Fate taken as natural law and possibly chance, on the other hand, is a simple fact.

Things either happen because of natural law or in some cases - if you follow some branchers of quantum theory - by pure random chance.

Human behaviour is a meta-pattern of physical interactions. The mental supervenes upon the physical, with the structures formed by the interactions of physical objects possessing new qualities that are intrinsically inherent to the structures, but not to the separate physical objects they consist of. (much like the separate components of a car taken individually do not possess the qualities of their combination - the car as a whole)

There is only the physical (matter, energy, dimensions), the interactions of which not just determine but actually are everything.

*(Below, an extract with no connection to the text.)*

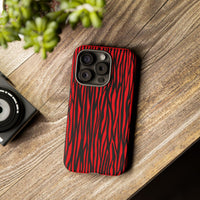 Bold Zebra Print Phone Case - Tough Protection for Trendsetters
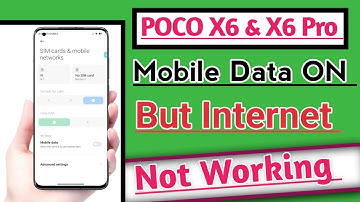 POCO X6 & X6 Pro 5G Mobile Data ON But internet Not working problem Solution | Net Nahi Chal raha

The experience of free will is merely consciousness, a meta-structure of the physical, experiencing and reflecting on its own workings, while providing feedback as a factor of influence on those workings at the same time. (much like a computer program which monitors not just external input, but also its own state, which it then feeds back into the monitoring system as a source of input, the state of the program meanwhile changing because of the combined input it receives)

A specific person in a specific state and given a specific situation, however, is not able to act in any other way than he actually does. For a different outcome to occur, one of the variables would need to be different - meaning that either the person would have to be a different one, or the context. Otherwise, the law of cause and effect, chained, will ensure exactly the same outcome.

The only viable alternative to this would be the existence of actual true randomness, ungoverned by any natural law. In that case, there is an additional influence - random chance. This would, of course, still exclude the possibility of anything resembling traditional notions of a free will.

Either way, humans are as free as a conscious billiard ball which gets hit by another ball and thinks "And now, I shall freely choose to move!"

One is free to do what one decides to do, but not free to decide what one decides to do. (paraphrased from a philosopher whose name won't come to mind right now)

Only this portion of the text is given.